Desde las instituciones no debería alentarse el maniqueísmo dialéctico de etiquetar qué es lo bueno y lo malo, lo justo y lo injusto. Las instituciones deben ser el reflejo del pluralismo existente en la sociedad. Pluralismo que exige un respeto mutuo a lo diverso.
Sin la admisión de esa lucha dialéctica no puede hablarse de sociedad libre. La imposición del pensamiento único es la semilla de lo que maravillosamente describió Hanna Arendt como la llamada del nazismo a todas las puertas de las casas alemanas.
Las libertades son contrarias a una forma única de ver las cosas, de pensar, de actuar, de decidir y de juzgar. Sin esta consideración no estaremos ante libertades, sino ante facultades concedidas por la sociedad estatal de acuerdo con el relato predominante en la opinión pública.
Cierto es que el derecho penal no debería ser la respuesta a la libertad de expresión o de opinión. En manos de la sociedad está aceptar respetuosamente incluso lo que nos repele o nos perturba. Sólo cuando las sociedades han aceptado esto, el derecho penal ha dejado de ocupar espacio.
La conducta destipificada ya no supone una abyección contra la convivencia y sólo las que posean los resortes reales para alentar a la violencia son las que deben ser consideradas dignas de prohibición y reproche penal. Es lo que en los Estados Unidos llaman juicio de pertinencia. ¿Estamos preparados para algo así? ¿Estamos preparados para aceptar nuestros contrarios?

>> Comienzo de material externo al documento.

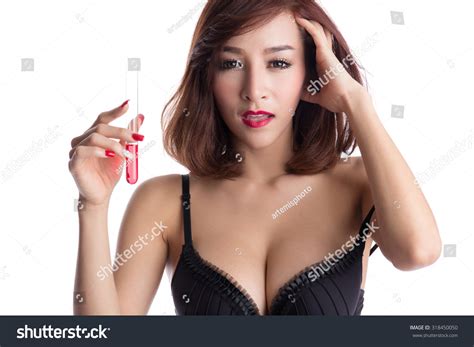 Sexy Asian Woman Black Lingerie Holding Stock Photo 318450050 Shutterstock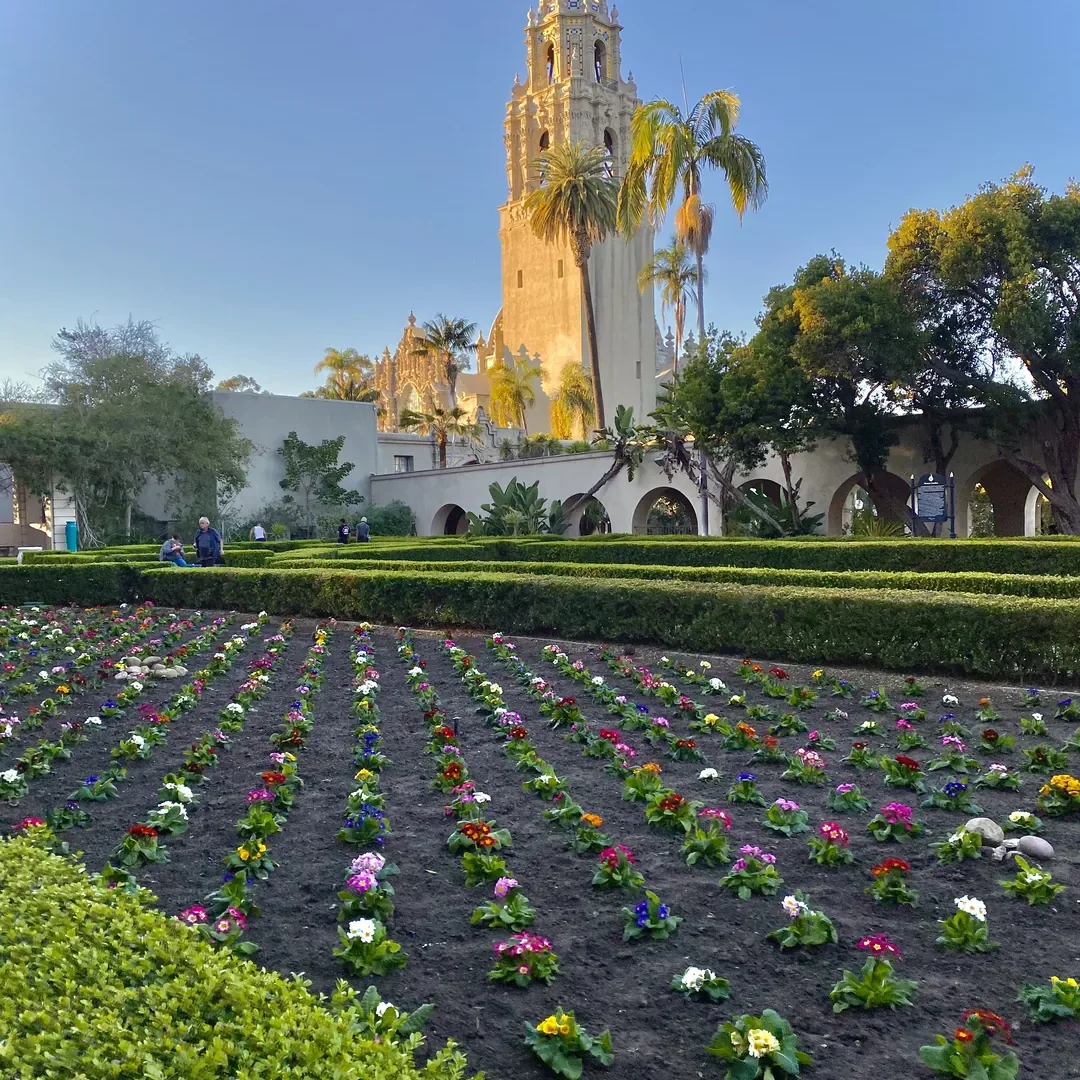 California Tower, arcades, and gardens in Balboa Park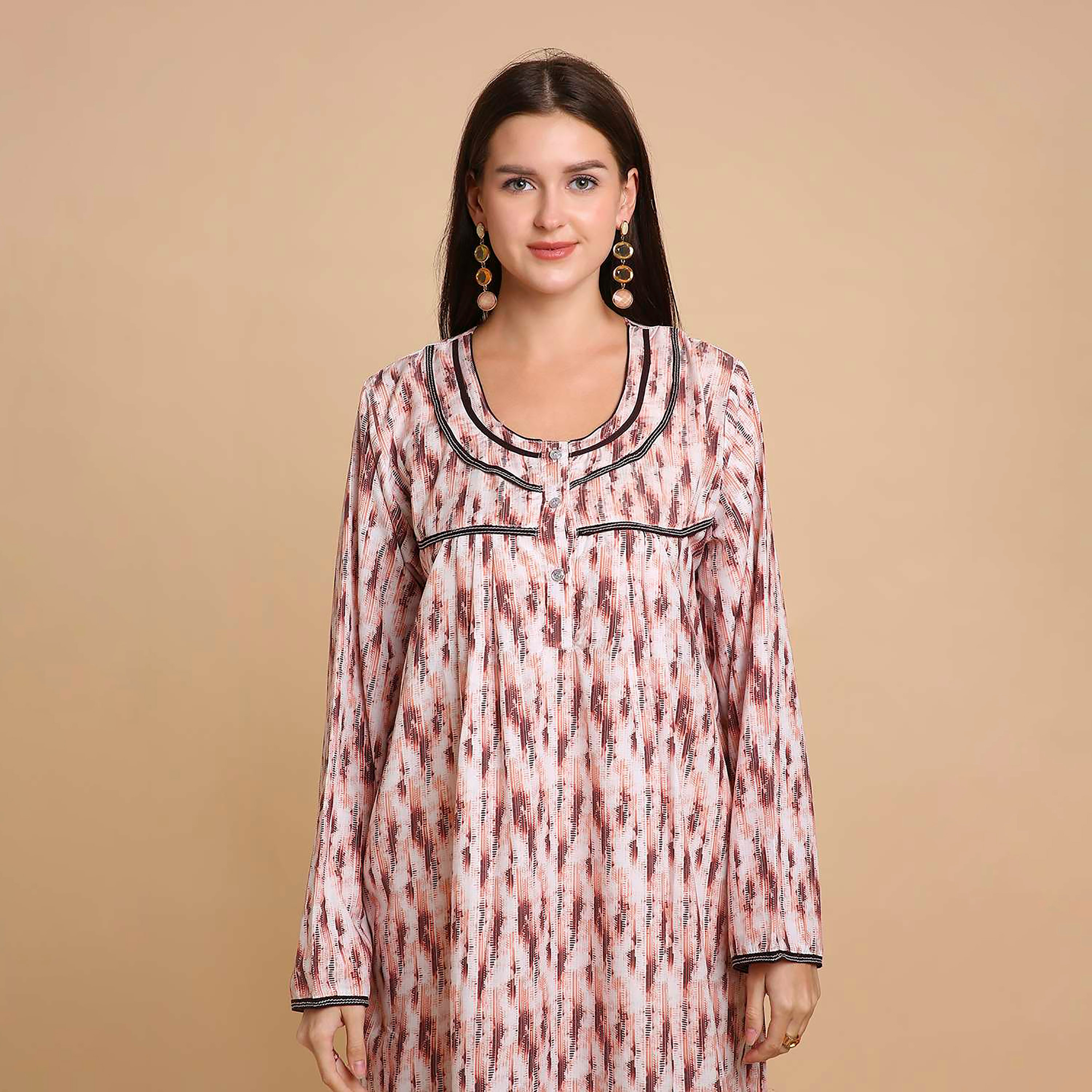 جلابية نسائية بطبعة تجريدية من هنا آند سارة-women-arabicclothing-jalabiyas-image-2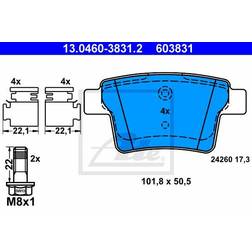ATE 13.0460-3831.2 bromsbelägg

Por ahora, parece que sólo estamos enredados en la lucha por alcanzar el relato oficialista de lo bueno y de lo justo a través del sentir inmediato de las tendencias en las redes sociales. Una democracia a golpe de tuit.
Posiblemente, no estemos preparados aún. A lo mejor debemos quedarnos como estamos para que no nos ocurra como en la novela de Eduardo González donde Antonio Graco se atormenta preguntándose: “El haberles dado libertad sólo les ha traído problemas”.
*** Marcos Peña Molina es abogado.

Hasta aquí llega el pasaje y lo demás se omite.